Product Development Engineer, Intel
If you are unsure about what job to apply for, keep an open mind and look at the skills used in a position, rather than the job title itself.

Degree subject Bachelor of Engineering (Hons) in Electronic & Computer Engineering, NUI Galway, 2014
Job title Product Development Engineer
Employer Intel

Could you provide us with a summary of how you became interested in a career in the engineering sector?

I have always had a desire to understand how things work, and became interested in computers at an early age. Engineering seemed a natural fit, as I wasn't sure what I'd like to do after college, but felt that engineering would keep as many options as possible open to me. Many of the skills learned are transferable to other roles, and it has given me more time to consider what area I’d like to specialise in.

My degree afforded me an excellent foundation for a career in hardware or software engineering. Besides understanding the physics behind computers and learning to build basic circuits, I developed programming skills, and my project work often combined software and hardware in a complete system. While considering applying for my current position, I saw that the skills learned in my course were highly relevant to the role, and this helped the interview process. After an initial phone call where I was invited to the interview, I knew it was a job I wanted. I was confident that I had the required skillset, which I aimed to demonstrate in my interview. Fortunately I received an offer within a couple of weeks.

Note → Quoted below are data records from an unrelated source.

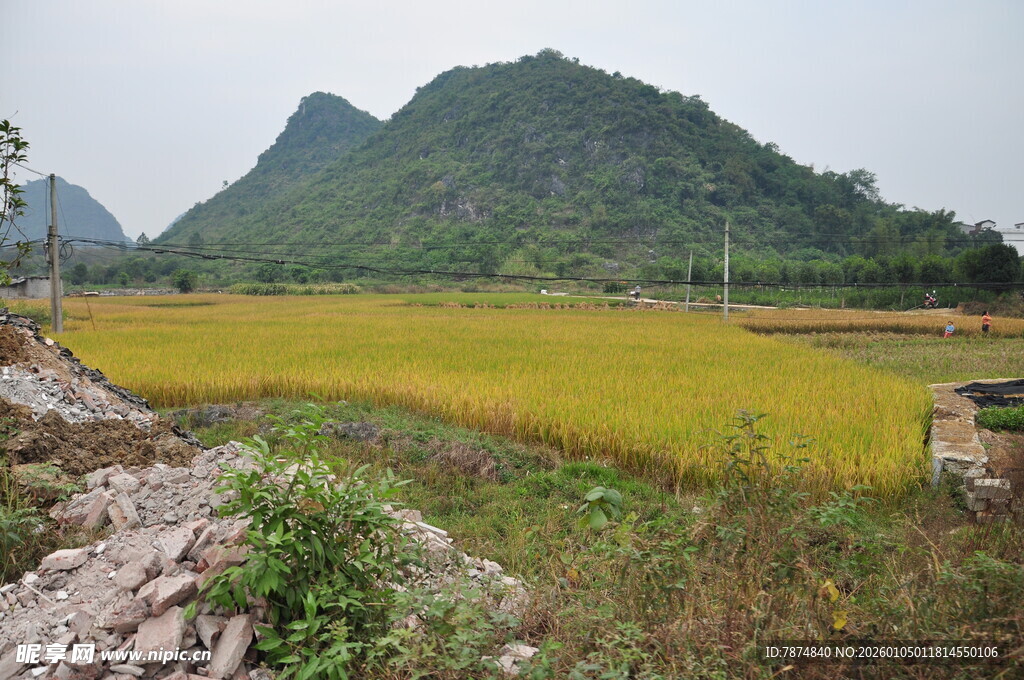 金黄稻田与远山美景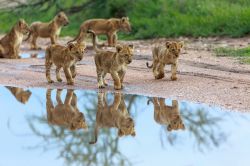 Cuccioli di leone giocano vicino a una pozza d'acqua nell'Amboseli, Kenya. E' una delle scene che meglio rappresenta la natura selvaggia di questo territorio africano.

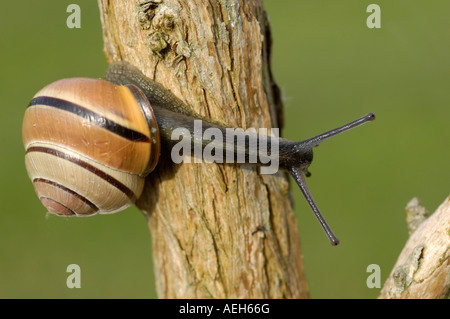 A labbro marrone Cepaea lumaca nemeralis salendo impianto stelo Oxfordshire UK Foto Stock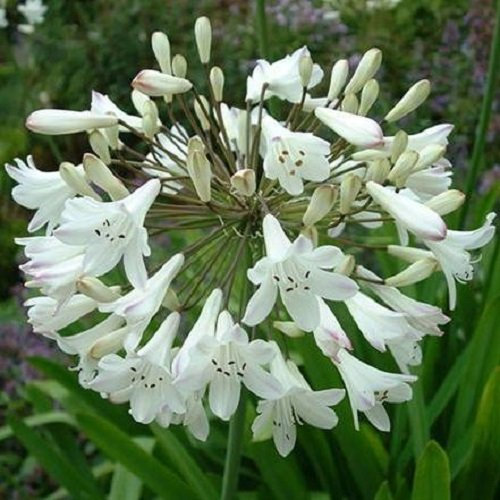 Semi 25+ Bianco Giglio africano Agapanthus fiore/perenne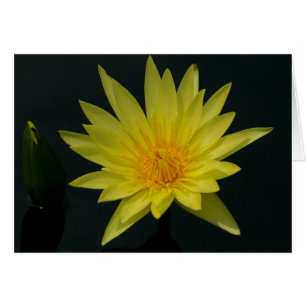Cartão Placa Waterlily Lotus Amarela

What’s been one of the biggest challenges so far and what did it teach you about yourself?

Time-management is among the more difficult aspects of my job. Working with several different processor families means I’m helping multiple groups involved in the manufacturing and testing of individual products. Unfortunately, it isn’t possible to do everything for everyone and requests for analysis or root-causing an issue can come at the same time from separate teams. It’s important to be able to prioritise tasks, and to let people know if I can’t do something. These experiences have shown me that I’m a good communicator – I do my best to understand what’s needed, and if I find I can’t help, I try to find out who can.

What advice would you have for students and graduates seeking to pursue a similar career path?

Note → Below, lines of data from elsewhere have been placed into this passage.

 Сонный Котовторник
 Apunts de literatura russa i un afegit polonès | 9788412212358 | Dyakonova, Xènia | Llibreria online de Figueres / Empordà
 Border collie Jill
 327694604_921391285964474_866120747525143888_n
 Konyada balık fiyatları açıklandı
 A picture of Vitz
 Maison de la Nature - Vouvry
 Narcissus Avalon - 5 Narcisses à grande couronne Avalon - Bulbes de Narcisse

If you are unsure about what job to apply for, keep an open mind and look at the skills used in a position, rather than the job title itself. Choosing something connected to an area of your course which you particularly enjoy definitely makes things easier. Engineering is so broad that there's no need to be very specific in what you want to do straight after college, and there are enough diverse roles available in Intel alone to ensure that there will be opportunities throughout your career to try something new.

How do you hope to see your career developing over the next few years?

I would love to gain more experience working abroad. It's something I did in college, and really enjoyed it. Intel has sites all across the world, so I feel there is scope for being assigned somewhere for a few months or even years. I'm looking forward to continuing to meet new people and expanding my network. All the while I will gain insight into other roles, which I might find myself pursuing.